The adsorbents (0.005 g) were added to a 20 mL solution of Pb2+ (50 mg∙L−1) and then were shaken on a rotary shaker at 298 K for 5, 15, 30, 60, 90, 120, and 180 min, respectively. For organic dyes, 0.005 g of adsorbents were poured into a flask containing 20 mL of CR or MG (~ 15 mg∙L−1 for each) at 298 K. The flask was sealed and shaken for 10, 20, 30, 60, 90, 120, and 240 min, respectively. The supernatants were collected at different times to investigate the sorption kinetics. To further expound the adsorption behaviours of ZIF-67/LDH@C, the experimental data were analyzed by three adsorption kinetic models, the pseudo-first-order, pseudo-second-order, and intraparticle diffusion models with the following equations:

$$\mathrm{log}\left({q}_{e}-{q}_{t}\right)=\mathrm{log}{q}_{e}- \frac{{k}_{1}}{2.303}t$$
(1)
$$\frac t{q_t}=\frac1{k_2q_e^2}+\frac1{q_e}t$$
(2)
$${q}_{t}={k}_{i}{t}^{1/2}+{C}_{i}$$
(3)

where k1 (min−1), k2 (g∙mg−1∙min−1), and ki (mg∙g−1∙min−1/2) were the rate constant of the pseudo-first-order, pseudo-second-order, and intraparticle diffusion equation, respectively. qt (mg∙g−1) and qe (mg∙g−1) represented the adsorption capacity at time t (min) and the equilibrium capacity, respectively.

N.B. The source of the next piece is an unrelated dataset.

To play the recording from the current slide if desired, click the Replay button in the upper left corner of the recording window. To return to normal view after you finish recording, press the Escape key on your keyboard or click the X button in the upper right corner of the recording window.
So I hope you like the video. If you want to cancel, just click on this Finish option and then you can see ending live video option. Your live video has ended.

To discuss the interaction between pollutants and adsorbents, the adsorption isotherms of Pb2+, MG and CR were measured by increasing initial concentrations at the optimized conditions. Briefly, 5 mg of adsorbents were added to a conical flask containing 20 mL of Pb2+ with a certain concentration (31.4, 47.8, 84.6, 116.9, 170.2, 217.3, and 297.0 mg∙L‒1) at pH 3.5, respectively. Under the same amount of adsorbent and solution volume as above, the concentration of the dyes was changed as follows: CR 12.2, 23.3, 37.3, 79.1, 110, 220.8, and 367.6 mg∙L‒1; MG 13.3, 25.9, 44.8, 120.1, 166.9, 380.3, 427.3, 645.85, and 851.3 mg∙L‒1, followed by mechanical shaking for 2 h, respectively.

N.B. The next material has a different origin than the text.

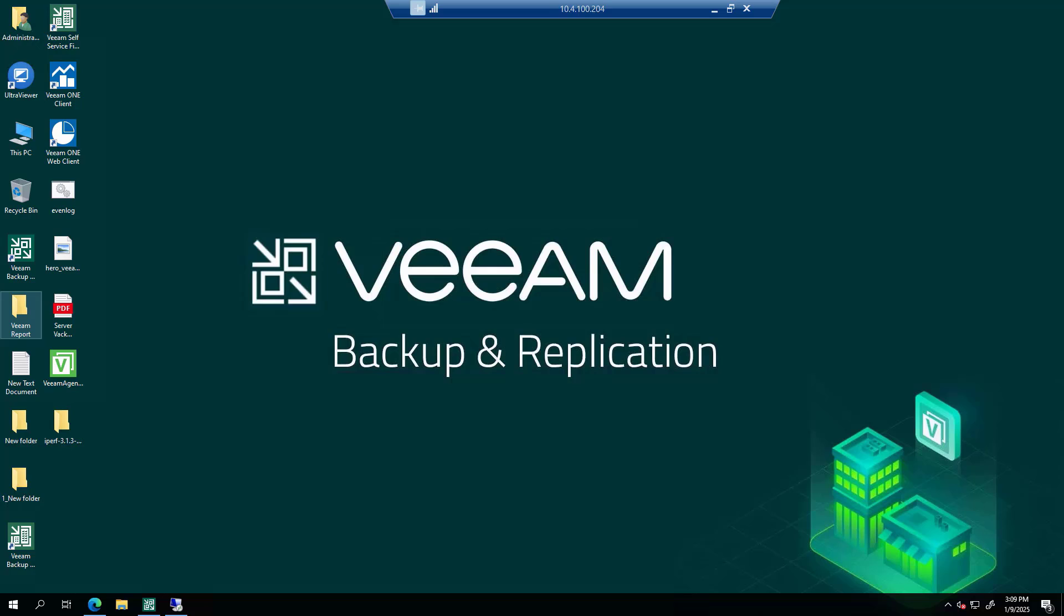Hello friends. Welcome to my channel RS Computer Solutions. In this video tutorial session, we will learn how to create Veeam backup repositories from a shared folder or network folder. So let's get started.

The experimental data were necessary to study the adsorption mechanism by applying the Langmuir and Freundlich isotherm models to analyze the sorption properties. The two isotherm models were exhibited as Equations. (4, 5):

$$\frac{{C}_{e}}{{q}_{e}}={C}_{e}\frac{1}{{q}_{\mathrm{max}}}+\frac{1}{{K}_{L}{q}_{\mathrm{max}}}$$
(4)
$$\mathrm{log}{q}_{e}=\mathrm{log}{K}_{\mathrm{f}}+\frac{1}{n}\mathrm{log}{C}_{e}$$
(5)

where Ce (mg∙L−1), KL (L∙mg−1), Kf (mg g−1 (L∙mg–1)1/n), qe (mg∙g−1) and qmax (mg∙g−1) represented the equilibrium concentration of the adsorbate solution, Langmuir adsorption equilibrium constant, Freundlich isotherm constant, equilibrium and theoretical maximum adsorption capacity, respectively.

The thermodynamic parameters of adsorption, enthalpy variation, entropy change and change in Gibbs free energy, were obtained by Eqs. (6, 7):

$$ln{K}_{0}=\frac{\Delta S}{R}-\frac{\Delta H}{R}\frac{1}{T}$$
(6)
$$\Delta G=\Delta H-T\Delta S$$
(7)

where Eq. (6) was a transformation of Van’t Hoff equation. ∆H (kJ∙mol−1) and ∆S (J∙mol−1∙K−1) were enthalpy change and entropy change, respectively. R (8.3145 J∙mol−1∙K−1) and K0 were the ideal gas constant and the adsorption equilibrium constant, respectively. ∆G (change in Gibbs free energy) could be calculated by Eq. (7).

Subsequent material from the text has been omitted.